Another interesting idea employing vision to solve rep counting is the Optical flow approach.
Major Steps Involved
- Find color-coded representations of video frames in a repetitive activity using a dense optical flow algorithm. Here, the catch basically lies in the idea that different states of a repetitive movement will have different color codings.
For details about the optical flow algorithm, please refer to the opencv doc here (along with the implementation).
2. Dataset Creation: Next step is to generate a dataset of color-coded images and videos and label them with different states of the movement (say up or down).

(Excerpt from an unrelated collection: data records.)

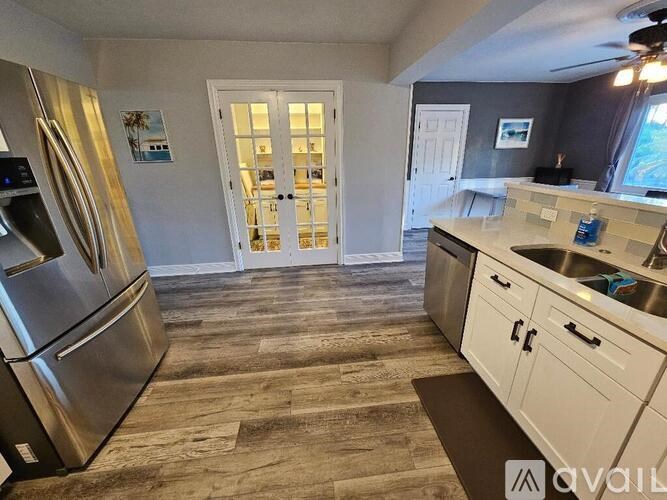A kitchen with a refrigerator on the left and a counter on the right.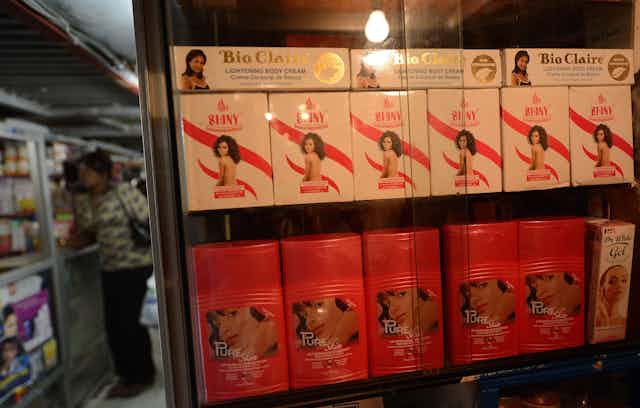 Shop display of products with light skinned women on the packaging and names like 'shiny' and 'pure skin'
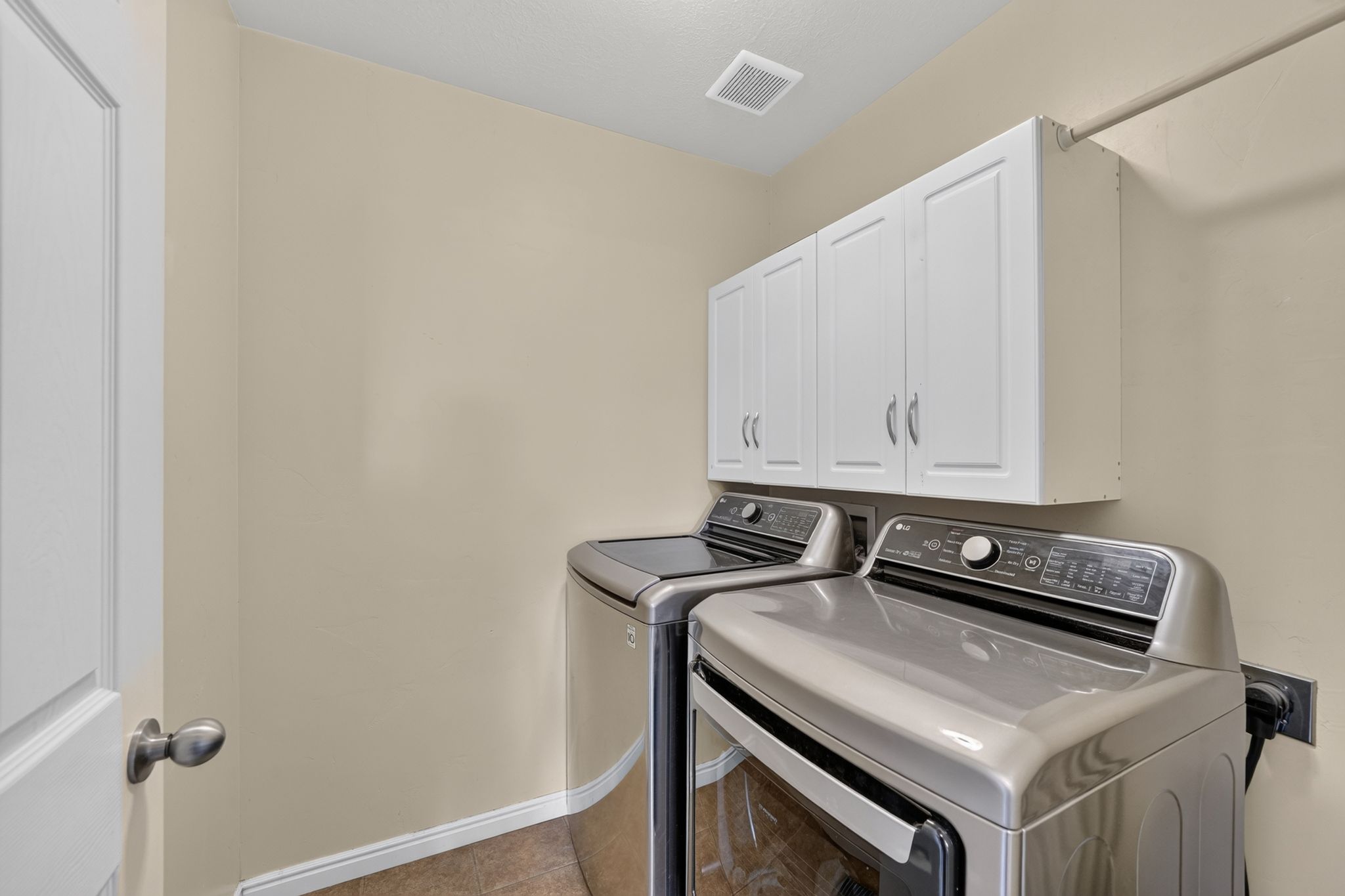 Laundry area featuring white shaker-style cabinetry, a white door with a brushed nickel knob, a wall-mounted drying rod, a ceiling vent, and light-toned walls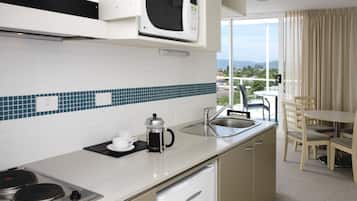A modern kitchen with a microwave, coffee maker, and sink. There is a dining area with a table and chairs.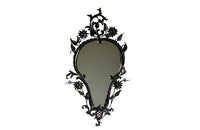 Pretty wrought iron mirror with floral and foliate decoration circa 1900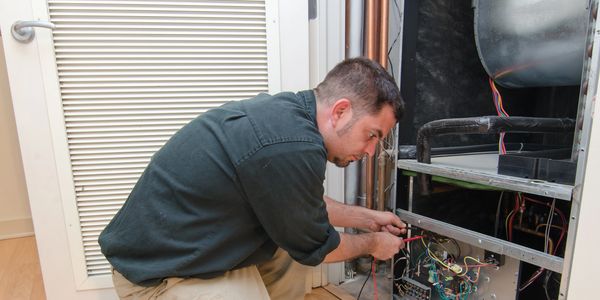 Heating and air conditioning technician in a service call for a repair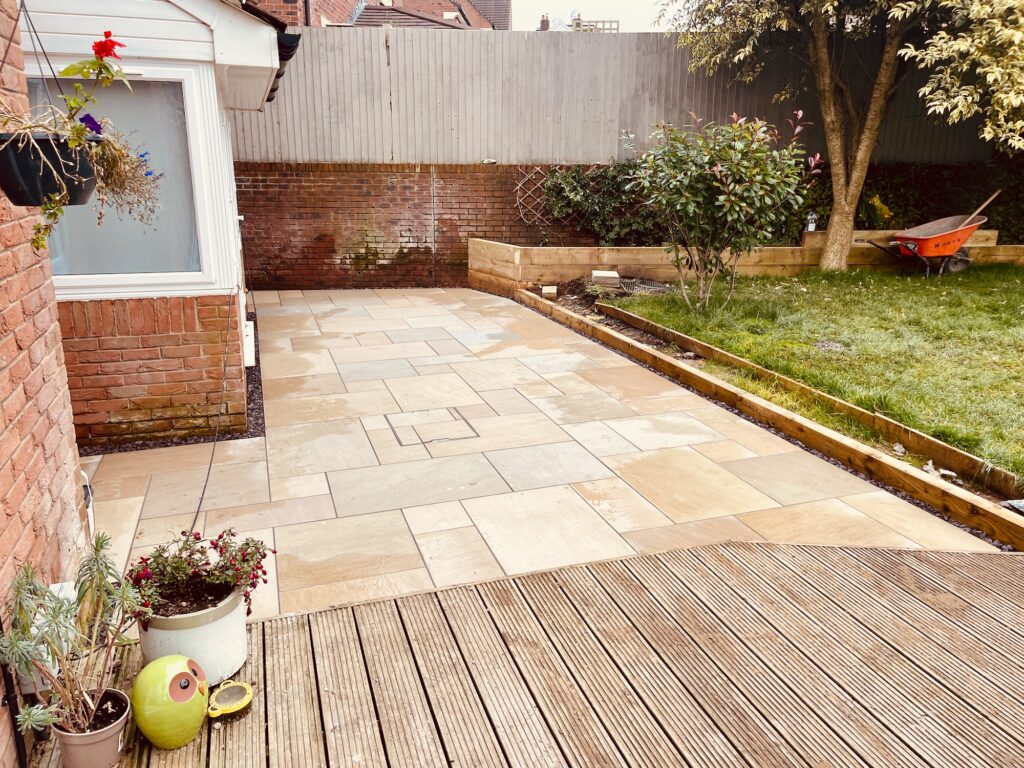 After garden transformation with porcelain paving, raised lawn edge and modern patio installed by Gaia Crafted Landscapes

3. Model Training: Next step involves training a vanilla CNN model to perform a multiclass classification of the frames. At test time, color-coded frames from optical flow are then fed to the model, which predicts one of the movement states and also captures the class label. This is basically a color-matching problem but via a model, as the model is more robust.
The approach is accurate and easily deployable in production. However, the cons easily outweigh the pros of the approach:
- Rep counting is exclusive and class-dependent.
- Scaling issues: one needs to annotate the dataset and train a model each time a new exercise gets added to the corpus.
- Orientation Sensitive: Same movements in different orientations will have different color encodings resulting in a wrong model prediction. This is one of the major limitations of the approach.
- Noise Sensitive: Any slight noise in the background would change these color encodings and hence the model’s prediction.